Straight out of a science fiction movie, Among Us’s gameplay is violent, yet simple: five to ten crew members are trapped on a spacecraft, fighting to keep the vehicle up and running by completing minigame tasks with a very limited visual scope. One to three impostors sabotage the crew by tinkering with the spacecraft’s mechanisms and, occasionally, murder an innocent crew member or two. The minigame tasks are unique to each of the game’s three maps: The Skeld, Polus, and Mira HQ. When a player discovers a dead body (a halved avatar with flesh and bone exposed), they report the death, calling a meeting in which all remaining players discuss who the impostors might be. Often, they compare alibis: “I was scanning in Medbay”; “I was taking forever to calibrate in the electrical room”; “You think my ass can fit in the vent?” In other, more intense discussions, accusations come flying: “I saw fake tasks!”; “Guys, if I’m wrong about them, vote me out next”; “But I saw them kill.” Breaching anarchic destruction, the gameplay frequently dissolves into furiously-typed deductions and empty promises to partner up to ensure temporary survival. After discussion, players vote out one player at a time (or skip, sparing all from death), and discover if they killed a fellow crew member or succeeded in finding the impostor. The game ends when there is an equal number of impostors and crew members (resulting in the impostors’ victory), all the impostors are discovered, or all tasks are completed.

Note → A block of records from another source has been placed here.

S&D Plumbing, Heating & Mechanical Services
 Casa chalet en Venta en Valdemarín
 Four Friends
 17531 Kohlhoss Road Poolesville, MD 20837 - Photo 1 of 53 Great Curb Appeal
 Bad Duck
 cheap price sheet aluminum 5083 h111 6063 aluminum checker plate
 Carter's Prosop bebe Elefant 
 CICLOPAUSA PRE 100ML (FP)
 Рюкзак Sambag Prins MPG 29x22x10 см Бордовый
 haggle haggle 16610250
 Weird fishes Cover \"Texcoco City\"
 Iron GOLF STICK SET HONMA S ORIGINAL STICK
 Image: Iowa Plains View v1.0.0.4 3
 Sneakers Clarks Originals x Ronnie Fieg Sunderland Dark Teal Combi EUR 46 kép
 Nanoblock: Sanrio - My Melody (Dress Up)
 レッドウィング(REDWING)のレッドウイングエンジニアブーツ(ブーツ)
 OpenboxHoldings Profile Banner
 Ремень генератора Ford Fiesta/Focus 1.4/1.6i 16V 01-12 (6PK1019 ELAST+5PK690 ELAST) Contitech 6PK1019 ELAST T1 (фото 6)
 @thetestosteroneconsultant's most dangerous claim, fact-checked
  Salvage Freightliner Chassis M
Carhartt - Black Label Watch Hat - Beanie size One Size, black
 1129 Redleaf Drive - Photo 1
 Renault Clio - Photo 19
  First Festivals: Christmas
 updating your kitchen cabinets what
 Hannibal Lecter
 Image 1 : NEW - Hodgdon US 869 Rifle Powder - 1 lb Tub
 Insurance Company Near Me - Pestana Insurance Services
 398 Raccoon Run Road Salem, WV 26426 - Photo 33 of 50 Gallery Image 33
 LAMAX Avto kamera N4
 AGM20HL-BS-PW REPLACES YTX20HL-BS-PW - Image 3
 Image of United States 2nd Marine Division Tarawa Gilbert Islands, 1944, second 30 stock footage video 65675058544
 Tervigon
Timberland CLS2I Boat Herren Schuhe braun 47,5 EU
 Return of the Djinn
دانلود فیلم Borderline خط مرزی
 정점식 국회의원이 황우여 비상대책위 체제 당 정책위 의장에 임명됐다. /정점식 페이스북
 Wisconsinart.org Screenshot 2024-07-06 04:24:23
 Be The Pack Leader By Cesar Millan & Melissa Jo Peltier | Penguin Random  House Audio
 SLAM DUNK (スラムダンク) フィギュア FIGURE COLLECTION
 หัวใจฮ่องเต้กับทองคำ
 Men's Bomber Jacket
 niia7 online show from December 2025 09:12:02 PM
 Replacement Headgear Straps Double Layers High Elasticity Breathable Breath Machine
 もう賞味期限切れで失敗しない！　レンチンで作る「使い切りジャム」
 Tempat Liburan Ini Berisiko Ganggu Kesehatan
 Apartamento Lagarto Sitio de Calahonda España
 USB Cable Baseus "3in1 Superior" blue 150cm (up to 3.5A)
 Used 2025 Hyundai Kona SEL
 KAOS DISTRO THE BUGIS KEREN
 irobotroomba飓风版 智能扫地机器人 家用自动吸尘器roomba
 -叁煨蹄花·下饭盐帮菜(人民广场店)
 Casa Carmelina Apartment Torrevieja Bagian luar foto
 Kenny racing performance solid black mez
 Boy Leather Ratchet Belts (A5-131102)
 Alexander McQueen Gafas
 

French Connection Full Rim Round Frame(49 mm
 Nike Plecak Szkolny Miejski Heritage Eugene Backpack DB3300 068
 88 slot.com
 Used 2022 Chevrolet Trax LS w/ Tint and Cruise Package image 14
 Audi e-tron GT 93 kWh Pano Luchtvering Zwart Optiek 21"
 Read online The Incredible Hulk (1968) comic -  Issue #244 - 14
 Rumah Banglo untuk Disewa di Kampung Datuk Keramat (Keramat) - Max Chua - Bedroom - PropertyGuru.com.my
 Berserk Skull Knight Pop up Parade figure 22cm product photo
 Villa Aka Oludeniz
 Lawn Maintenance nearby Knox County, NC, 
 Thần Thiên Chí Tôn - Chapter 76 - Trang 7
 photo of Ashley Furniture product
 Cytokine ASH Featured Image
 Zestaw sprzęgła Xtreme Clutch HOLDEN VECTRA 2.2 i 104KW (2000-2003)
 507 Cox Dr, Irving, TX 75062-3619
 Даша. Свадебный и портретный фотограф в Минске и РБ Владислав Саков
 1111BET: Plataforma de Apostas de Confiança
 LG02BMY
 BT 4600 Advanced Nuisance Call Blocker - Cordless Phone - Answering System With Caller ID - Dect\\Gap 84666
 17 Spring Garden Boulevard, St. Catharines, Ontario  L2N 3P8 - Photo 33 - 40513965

Panic ensues with the game’s additional mechanics: the impostor can sneak into the air vents to teleport between rooms and assassinate a player. Everyone aboard can access the security cameras to spy on other players. An emergency meeting can be called, should someone see a suspicious action from one avatar…or if the impostor wishes to throw suspicion elsewhere. In sum, Among Us is a game of manipulation, deceit, and paranoia. You lie to your friends about your whereabouts, desperately coerce people into believing your task list, or descend into feigned madness as the impostors falsely accuse your innocent avatar of murder. It is best played with friends who believe your real, out-of-game life aspirations, thus allowing you to either exploit their trust or, at the very least, startle them with your brutal ability to cleave a body in half and deny the blood on your hands.
The timing of Among Us’s popularity is no coincidence: developed by a three-person team at InnerSloth in 2018, the game caught the attention of zero gamers until Twitch streamer “sodapoppin" displayed it earlier this summer. Now with over 86 million downloads, the violent nature of the gameplay appeals to the cynicism and impatience of the frustrated and socially distanced in quarantine. At its release, Animal Crossing: New Horizons offered an opportunity to build an eternally peaceful world that transcends the death and violence ravaging our own reality. It was solace in the face of pestilence. On the contrary, Among Us’s Impostor character grounds us in our lived chaos, embodying the backstabbing tendencies of real-world political leaders who swear they are working hard to keep all of us alive while reaping personal reward at the expense of countless dead innocents. Meanwhile, the crew members live with the ironic belief that they have authority over the spacecraft, which is throttling toward an unknown location and on the brink of breakdown. After all, it is within their abilities, and only their own abilities, to fix the wires, dump the trash, and fill up the fuel tanks to sustain the condition of the spacecraft. It is a beautiful, optimistic illusion: as long as the majority of us work together to save our habitat in time, the Impostor can’t stop us.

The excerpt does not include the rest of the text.